> _What this task involves_: Pictures excluded, output exactly the lines from the one containing "Explosion - Sticker" through the last line of the listing below.

> _The input_:
·····
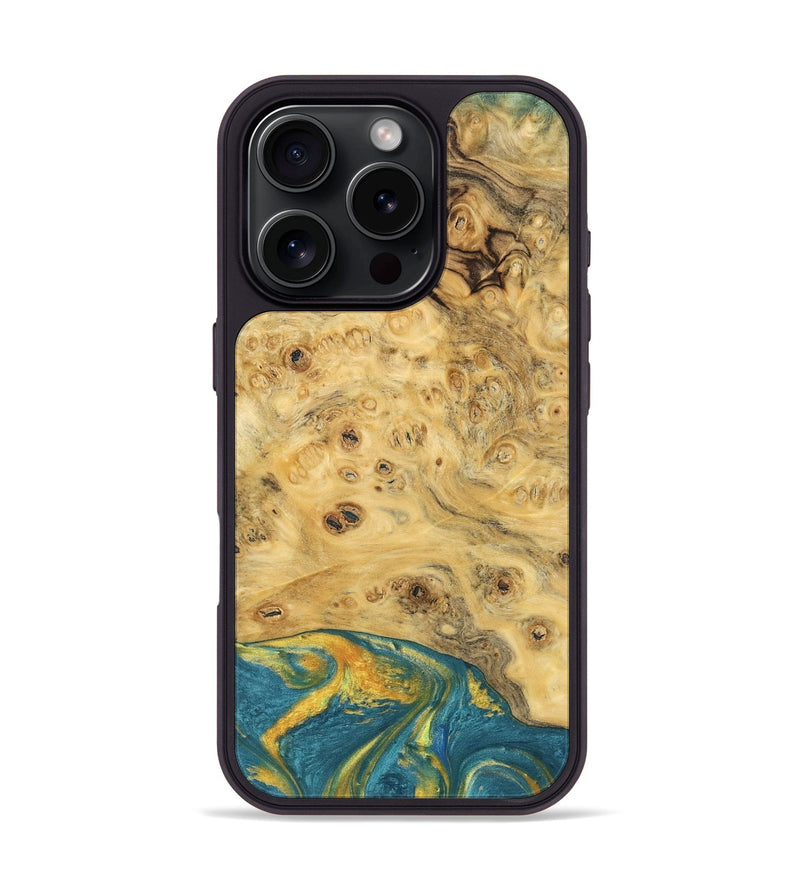 iPhone 16 Pro Wood Phone Case - Shawn (Teal & Gold, 735383)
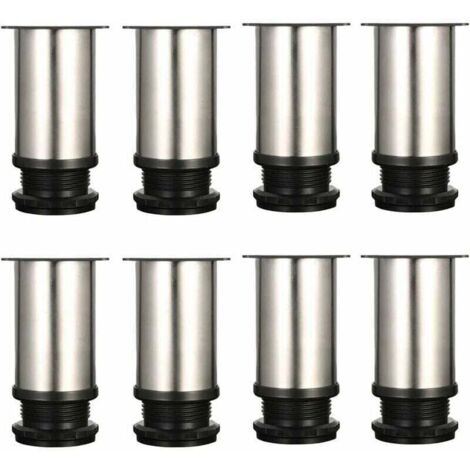 8er-Pack Möbelfüße, XU, verstellbare Möbelfüße – Chrommetall – höhenverstellbar (Gesamt: 80–95 mm) – KZQ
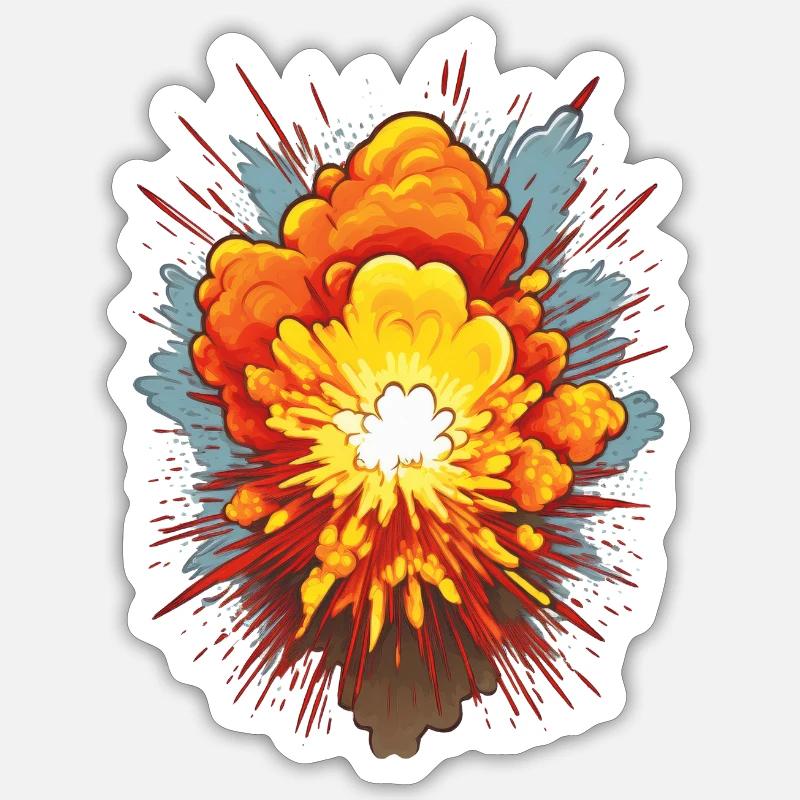 Explosion - Sticker size S (10 x 10 cm) - white matte
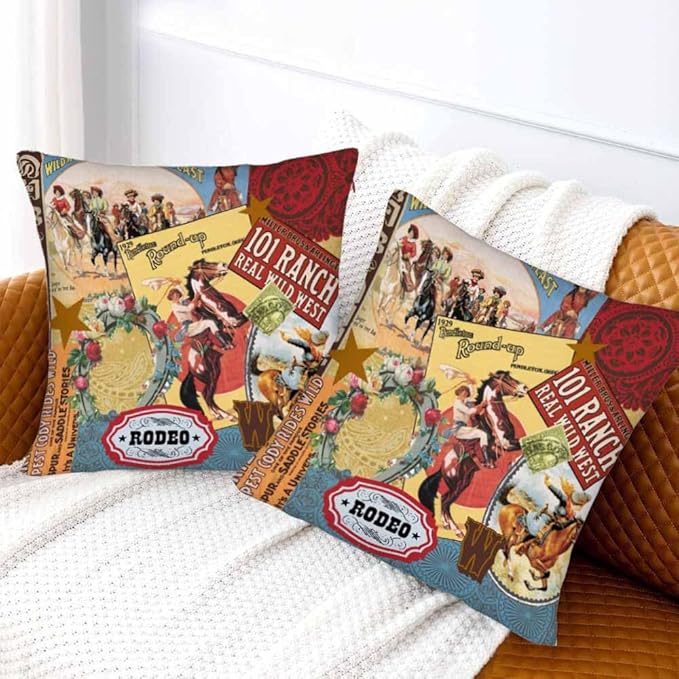Cowgirls Wild West Pillow Covers 18 X 18 Far East Rodeo Round Up Win Ride Horse Race Wreath Cool Set of 2 Pillow Cases Square Outdoor Throw Cushion Pillowcases Decor Home Bed Sofa Couch Hotel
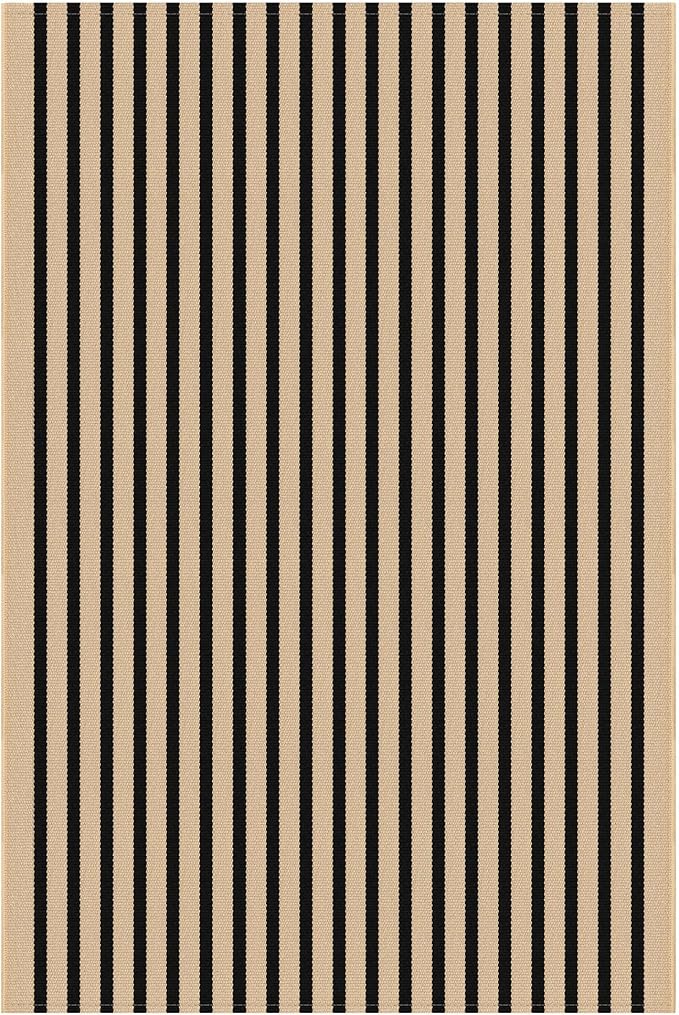 KOZYFLY 5x7 Ft Area Rug Striped Outdoor Rug Brown and Black Washable Indoor Outdoor Rug Cotton Outdoor Patio Rugs Farmhouse Rugs for Living Room Carpet for Patio Dining Room Bedroom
·····
> _Written response_:
 Explosion - Sticker size S (10 x 10 cm) - white matte
Cowgirls Wild West Pillow Covers 18 X 18 Far East Rodeo Round Up Win Ride Horse Race Wreath Cool Set of 2 Pillow Cases Square Outdoor Throw Cushion Pillowcases Decor Home Bed Sofa Couch Hotel
 KOZYFLY 5x7 Ft Area Rug Striped Outdoor Rug Brown and Black Washable Indoor Outdoor Rug Cotton Outdoor Patio Rugs Farmhouse Rugs for Living Room Carpet for Patio Dining Room Bedroom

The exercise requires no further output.